## Task instructions
Only the number is wanted: tally the lines below that contain the word "Size".

(Supplied records begins)

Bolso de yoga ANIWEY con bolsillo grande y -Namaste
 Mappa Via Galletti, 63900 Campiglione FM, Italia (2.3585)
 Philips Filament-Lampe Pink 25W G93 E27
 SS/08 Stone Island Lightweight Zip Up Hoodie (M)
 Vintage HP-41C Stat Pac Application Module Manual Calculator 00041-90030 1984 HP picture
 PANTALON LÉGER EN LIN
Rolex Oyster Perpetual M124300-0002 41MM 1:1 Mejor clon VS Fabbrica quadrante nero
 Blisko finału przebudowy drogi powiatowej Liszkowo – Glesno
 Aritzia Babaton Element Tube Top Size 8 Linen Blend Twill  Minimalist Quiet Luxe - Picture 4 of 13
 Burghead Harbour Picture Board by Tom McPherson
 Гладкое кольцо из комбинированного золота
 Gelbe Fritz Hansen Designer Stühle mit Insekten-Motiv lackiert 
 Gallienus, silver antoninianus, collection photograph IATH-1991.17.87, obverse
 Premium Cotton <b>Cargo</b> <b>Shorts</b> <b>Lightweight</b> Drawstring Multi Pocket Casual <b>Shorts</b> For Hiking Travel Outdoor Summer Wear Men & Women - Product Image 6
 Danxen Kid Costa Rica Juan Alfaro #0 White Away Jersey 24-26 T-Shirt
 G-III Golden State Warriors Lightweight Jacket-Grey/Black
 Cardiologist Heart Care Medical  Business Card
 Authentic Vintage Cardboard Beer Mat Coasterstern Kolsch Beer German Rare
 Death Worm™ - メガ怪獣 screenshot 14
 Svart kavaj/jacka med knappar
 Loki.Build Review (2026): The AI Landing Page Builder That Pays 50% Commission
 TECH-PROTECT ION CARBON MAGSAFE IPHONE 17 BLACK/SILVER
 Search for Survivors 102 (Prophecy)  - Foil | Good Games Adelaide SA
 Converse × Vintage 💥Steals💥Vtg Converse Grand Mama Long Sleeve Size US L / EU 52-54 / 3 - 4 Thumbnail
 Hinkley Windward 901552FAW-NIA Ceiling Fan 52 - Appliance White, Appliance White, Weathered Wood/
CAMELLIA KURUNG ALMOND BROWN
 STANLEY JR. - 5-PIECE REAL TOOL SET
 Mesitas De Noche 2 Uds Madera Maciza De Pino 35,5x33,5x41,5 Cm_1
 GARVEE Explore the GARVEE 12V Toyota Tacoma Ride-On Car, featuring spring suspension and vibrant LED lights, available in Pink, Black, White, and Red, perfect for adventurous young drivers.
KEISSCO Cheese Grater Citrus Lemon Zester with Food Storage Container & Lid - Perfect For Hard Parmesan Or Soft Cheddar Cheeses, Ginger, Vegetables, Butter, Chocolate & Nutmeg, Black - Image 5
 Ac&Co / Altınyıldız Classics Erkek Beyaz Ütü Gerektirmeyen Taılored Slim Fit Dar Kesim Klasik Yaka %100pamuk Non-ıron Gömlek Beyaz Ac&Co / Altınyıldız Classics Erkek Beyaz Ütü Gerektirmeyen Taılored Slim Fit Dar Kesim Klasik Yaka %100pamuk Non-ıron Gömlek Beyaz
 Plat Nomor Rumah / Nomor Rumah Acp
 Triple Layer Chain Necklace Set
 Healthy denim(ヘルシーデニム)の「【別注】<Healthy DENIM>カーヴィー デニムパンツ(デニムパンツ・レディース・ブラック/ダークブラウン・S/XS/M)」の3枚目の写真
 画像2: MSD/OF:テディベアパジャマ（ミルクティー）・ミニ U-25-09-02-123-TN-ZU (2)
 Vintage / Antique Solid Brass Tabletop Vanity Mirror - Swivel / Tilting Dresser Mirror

(Supplied records ends)

## Response below
2